* **TASK BRIEF**: Find the line holding "Kansas City, Mo., police" in the entries below. Give it again exactly, along with every line after it up to and including the line holding "istock Cutlery on".

(Web page caption snippets)
>>>
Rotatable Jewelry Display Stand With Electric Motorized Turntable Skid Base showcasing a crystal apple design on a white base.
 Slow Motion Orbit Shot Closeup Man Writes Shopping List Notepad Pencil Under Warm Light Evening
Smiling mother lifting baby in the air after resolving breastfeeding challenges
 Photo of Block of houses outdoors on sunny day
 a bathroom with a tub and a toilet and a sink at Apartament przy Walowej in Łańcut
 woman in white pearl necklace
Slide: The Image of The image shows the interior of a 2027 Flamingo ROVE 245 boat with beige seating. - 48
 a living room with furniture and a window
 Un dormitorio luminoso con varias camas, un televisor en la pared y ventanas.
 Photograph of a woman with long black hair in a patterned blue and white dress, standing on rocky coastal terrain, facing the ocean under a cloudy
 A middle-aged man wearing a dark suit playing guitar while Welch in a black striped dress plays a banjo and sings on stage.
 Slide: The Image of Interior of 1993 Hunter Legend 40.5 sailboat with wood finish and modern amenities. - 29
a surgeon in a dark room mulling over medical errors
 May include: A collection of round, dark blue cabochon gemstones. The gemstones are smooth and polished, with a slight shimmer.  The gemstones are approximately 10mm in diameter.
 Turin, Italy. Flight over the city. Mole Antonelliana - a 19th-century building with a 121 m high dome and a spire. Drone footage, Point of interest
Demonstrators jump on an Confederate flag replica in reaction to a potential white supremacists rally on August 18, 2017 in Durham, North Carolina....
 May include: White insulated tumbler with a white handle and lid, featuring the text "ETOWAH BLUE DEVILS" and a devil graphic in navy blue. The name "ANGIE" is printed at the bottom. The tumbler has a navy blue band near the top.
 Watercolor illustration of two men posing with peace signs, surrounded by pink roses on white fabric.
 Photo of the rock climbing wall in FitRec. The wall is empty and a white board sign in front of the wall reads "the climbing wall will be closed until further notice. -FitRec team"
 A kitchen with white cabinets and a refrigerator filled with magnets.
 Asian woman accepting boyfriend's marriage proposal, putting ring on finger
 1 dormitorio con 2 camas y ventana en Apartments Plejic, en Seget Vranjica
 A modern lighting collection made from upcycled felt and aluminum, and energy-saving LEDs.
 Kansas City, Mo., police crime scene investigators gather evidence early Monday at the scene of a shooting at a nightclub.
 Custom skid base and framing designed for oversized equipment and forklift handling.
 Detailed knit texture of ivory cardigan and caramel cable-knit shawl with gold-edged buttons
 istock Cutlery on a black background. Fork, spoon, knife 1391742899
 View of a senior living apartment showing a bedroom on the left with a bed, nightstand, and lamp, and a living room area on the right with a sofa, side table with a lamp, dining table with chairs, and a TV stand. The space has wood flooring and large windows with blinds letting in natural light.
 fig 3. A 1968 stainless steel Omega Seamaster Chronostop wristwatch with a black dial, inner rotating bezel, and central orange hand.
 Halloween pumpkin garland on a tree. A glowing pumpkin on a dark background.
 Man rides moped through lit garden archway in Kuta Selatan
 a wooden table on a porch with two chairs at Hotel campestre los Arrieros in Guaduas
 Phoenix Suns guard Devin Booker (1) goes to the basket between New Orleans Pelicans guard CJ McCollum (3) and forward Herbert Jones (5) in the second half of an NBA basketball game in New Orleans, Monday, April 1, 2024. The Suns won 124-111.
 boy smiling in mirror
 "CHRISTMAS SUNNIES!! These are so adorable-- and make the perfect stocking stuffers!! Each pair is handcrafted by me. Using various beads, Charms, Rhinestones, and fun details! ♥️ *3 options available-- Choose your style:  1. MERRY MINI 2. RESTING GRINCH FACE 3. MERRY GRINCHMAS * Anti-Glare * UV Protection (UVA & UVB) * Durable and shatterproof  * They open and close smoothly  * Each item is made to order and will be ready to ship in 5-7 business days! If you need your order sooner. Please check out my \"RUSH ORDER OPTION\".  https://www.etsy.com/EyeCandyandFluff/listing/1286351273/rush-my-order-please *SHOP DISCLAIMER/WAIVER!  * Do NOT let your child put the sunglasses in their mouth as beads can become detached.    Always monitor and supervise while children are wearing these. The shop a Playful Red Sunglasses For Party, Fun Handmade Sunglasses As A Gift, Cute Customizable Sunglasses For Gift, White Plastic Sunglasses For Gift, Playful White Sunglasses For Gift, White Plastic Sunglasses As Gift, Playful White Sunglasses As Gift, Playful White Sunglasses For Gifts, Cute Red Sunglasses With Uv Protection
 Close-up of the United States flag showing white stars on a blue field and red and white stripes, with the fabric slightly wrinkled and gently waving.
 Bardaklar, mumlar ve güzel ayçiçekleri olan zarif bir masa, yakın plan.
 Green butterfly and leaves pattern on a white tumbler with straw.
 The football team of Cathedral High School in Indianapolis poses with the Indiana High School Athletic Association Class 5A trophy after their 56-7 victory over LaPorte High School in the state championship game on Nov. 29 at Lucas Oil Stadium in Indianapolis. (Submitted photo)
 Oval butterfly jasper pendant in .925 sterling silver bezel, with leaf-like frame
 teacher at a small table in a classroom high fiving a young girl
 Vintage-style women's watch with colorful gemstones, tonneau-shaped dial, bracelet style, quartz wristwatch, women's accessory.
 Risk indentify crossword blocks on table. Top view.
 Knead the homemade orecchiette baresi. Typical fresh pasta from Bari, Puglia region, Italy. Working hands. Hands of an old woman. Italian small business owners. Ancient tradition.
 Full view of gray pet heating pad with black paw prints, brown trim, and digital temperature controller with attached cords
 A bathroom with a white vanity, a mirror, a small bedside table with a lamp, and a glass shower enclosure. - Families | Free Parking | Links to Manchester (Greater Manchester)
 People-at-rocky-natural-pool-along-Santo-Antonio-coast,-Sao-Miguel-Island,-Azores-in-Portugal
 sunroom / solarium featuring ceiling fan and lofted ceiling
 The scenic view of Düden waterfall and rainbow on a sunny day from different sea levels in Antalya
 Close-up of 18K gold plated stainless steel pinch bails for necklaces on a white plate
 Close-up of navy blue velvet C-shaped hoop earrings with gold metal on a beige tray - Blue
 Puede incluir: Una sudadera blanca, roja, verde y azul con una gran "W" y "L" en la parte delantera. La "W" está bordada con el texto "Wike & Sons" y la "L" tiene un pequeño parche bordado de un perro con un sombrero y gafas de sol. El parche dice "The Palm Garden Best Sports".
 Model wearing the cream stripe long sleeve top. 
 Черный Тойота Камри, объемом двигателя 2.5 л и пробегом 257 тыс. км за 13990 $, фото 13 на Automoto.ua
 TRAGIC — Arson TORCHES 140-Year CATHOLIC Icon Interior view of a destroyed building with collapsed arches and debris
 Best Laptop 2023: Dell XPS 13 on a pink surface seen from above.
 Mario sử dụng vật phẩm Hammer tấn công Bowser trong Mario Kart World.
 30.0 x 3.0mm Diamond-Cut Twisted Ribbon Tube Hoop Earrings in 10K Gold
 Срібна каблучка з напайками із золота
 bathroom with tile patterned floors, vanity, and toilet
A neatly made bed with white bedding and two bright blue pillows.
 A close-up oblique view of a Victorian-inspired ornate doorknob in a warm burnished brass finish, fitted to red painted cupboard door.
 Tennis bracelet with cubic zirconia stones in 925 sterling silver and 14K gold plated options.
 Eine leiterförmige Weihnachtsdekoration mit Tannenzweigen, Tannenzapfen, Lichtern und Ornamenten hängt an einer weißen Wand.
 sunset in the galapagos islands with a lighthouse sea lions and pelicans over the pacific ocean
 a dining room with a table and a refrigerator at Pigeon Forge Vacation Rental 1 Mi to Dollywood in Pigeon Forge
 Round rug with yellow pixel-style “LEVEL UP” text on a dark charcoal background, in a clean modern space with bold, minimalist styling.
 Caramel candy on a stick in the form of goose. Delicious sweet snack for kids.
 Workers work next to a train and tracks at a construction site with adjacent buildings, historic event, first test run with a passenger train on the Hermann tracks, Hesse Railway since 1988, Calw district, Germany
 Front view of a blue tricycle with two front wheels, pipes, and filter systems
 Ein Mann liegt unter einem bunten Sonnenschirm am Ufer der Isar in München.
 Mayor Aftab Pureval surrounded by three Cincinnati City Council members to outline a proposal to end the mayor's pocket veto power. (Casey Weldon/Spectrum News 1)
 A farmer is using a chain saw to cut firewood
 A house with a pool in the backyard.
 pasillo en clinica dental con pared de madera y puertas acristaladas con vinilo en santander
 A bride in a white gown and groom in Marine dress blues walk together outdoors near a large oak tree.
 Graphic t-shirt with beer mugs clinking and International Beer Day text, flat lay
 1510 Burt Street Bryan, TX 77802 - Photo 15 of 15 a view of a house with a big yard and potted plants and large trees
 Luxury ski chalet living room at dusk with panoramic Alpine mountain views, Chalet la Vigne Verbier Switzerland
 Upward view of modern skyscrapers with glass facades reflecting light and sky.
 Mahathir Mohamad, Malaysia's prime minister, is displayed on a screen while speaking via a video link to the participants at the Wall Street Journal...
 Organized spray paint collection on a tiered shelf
<<<
* **OUTPUT BELOW**:
 Kansas City, Mo., police crime scene investigators gather evidence early Monday at the scene of a shooting at a nightclub.
 Custom skid base and framing designed for oversized equipment and forklift handling.
 Detailed knit texture of ivory cardigan and caramel cable-knit shawl with gold-edged buttons
 istock Cutlery on a black background. Fork, spoon, knife 1391742899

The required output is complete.